Output the listing exactly as written, apart from its pictures.

-------- Data section --------

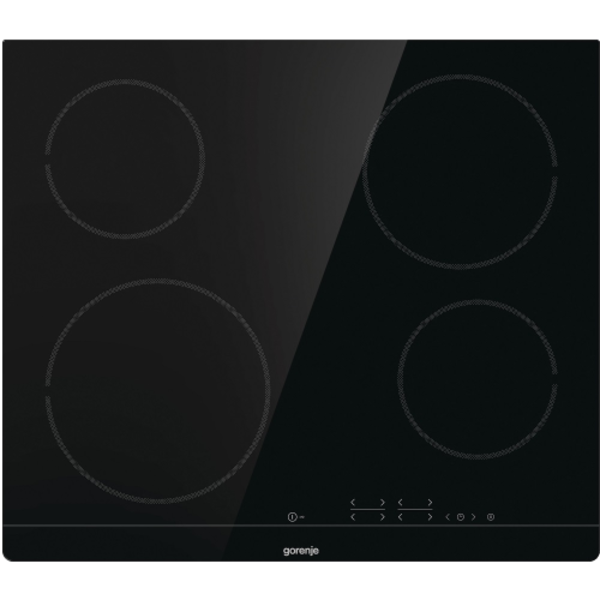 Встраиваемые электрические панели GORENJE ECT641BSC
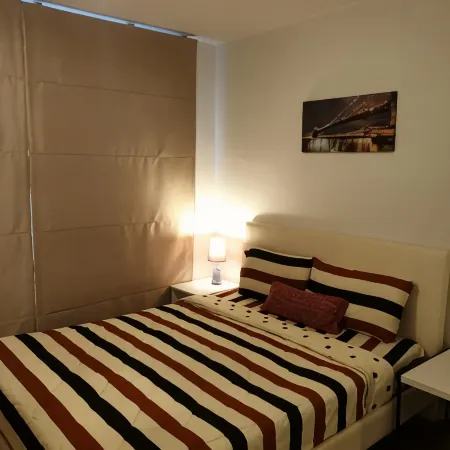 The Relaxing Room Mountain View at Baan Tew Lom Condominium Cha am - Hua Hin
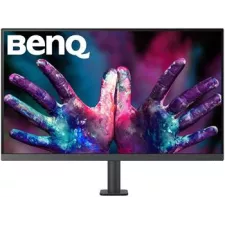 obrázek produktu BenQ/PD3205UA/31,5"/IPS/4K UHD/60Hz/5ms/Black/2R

--------

Finished exercise:
 Встраиваемые электрические панели GORENJE ECT641BSC
 The Relaxing Room Mountain View at Baan Tew Lom Condominium Cha am - Hua Hin
 obrázek produktu BenQ/PD3205UA/31,5"/IPS/4K UHD/60Hz/5ms/Black/2R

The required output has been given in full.